Rumors predict Apple’s Mac Pro workstations being the first Mac system to include Penryn processors, though it makes sense for Apple to first plug Penryn chips into Xserve machines to start upgrading its product portfolio from the top, analysts said.
The first Penryn chips, like the Xeon 5400, are the upper echelon of chips designed to first appear in servers and high-end desktops, not home PCs, said Samir Bhavnani, an analyst with NPD Group. The first introductions could be Xserves and Mac Pro systems, then other Mac desktops and laptops as Intel releases chips for those systems, Bhavnani said.
Apple needs something to replace the rusting Xserve machines, and it would make sense for Apple to release a new server by year’s end to immediately upgrade its product portfolio, analysts said.
“It’s a no-brainer,” said Dan Hutcheson, CEO of analyst firm VLSI Research. “You’d want it in the stores before Christmas,” he added. Intel has been manufacturing Penryn chips for some time and has built up a large inventory, so it is feasible that Apple will launch high-end Mac Pro desktops too, Hutcheson said.
Dean McCarron, founder and principal of Mercury Research, agreed that Apple should launch workstations in time for holiday shopping. However, most manufacturers have already locked up product announcements as part of the system refresh cycle for the shopping season, so it’s likely Apple will launch the products early next year, McCarron said.

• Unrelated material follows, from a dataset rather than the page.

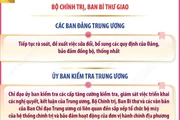 Nhiệm vụ của Các ban đảng Trung ương, Ủy ban Kiểm tra, Văn phòng Trung ương Đảng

Macworld Expo, to be held Jan. 14 to Jan. 18 in San Francisco, is a big product showcase for Apple, and most likely the first Penryn-based Apple server and workstations and will be announced there, analysts said.
“Some of the rumors have been ‘Apple’s been buying [Intel chips] up.’ It’s not like Apple will have it on their systems exclusively,” Bhavnani said. Hewlett-Packard and Lenovo have already announced workstations carrying Intel’s new Xeon 5400 processor based on the 45-nanometer Penryn architecture. Apple won’t rush to make a major announcement until Macworld, though it could announce a minor laptop or desktop refresh, Bhavnani said.

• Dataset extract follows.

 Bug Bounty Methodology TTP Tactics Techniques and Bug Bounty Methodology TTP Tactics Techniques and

Intel is working on Penryn products with around 40 system vendors, including Apple, said Stephen Smith, director for Intel’s digital enterprise group operations. Intel cannot comment on Apple product releases, Smith said.

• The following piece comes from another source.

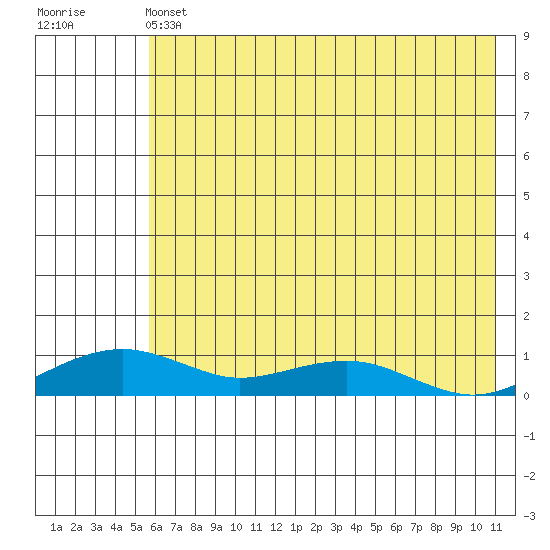 Niyrakpak Lagoon entrance tide chart for Saturday, May 6, 2023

When Apple does put Penryn chips on Mac OS systems, users will be thrilled by the chip’s improved graphics performance, Bhavnani said. The new chip’s focus is high-definition, and Intel focused on improving video compression capabilities on the chips, which could improve a Mac’s graphics capabilities, Bhavnani said.
“Because of the reputation Apple has for graphics and video, that reputation will be enhanced by being one of the first to have Penryn chips,” Bhavnani said.
The new chips will also be more power efficient and provide better overall system performance, Bhavnani said.
Apple does not comment on speculation, a company spokeswoman said.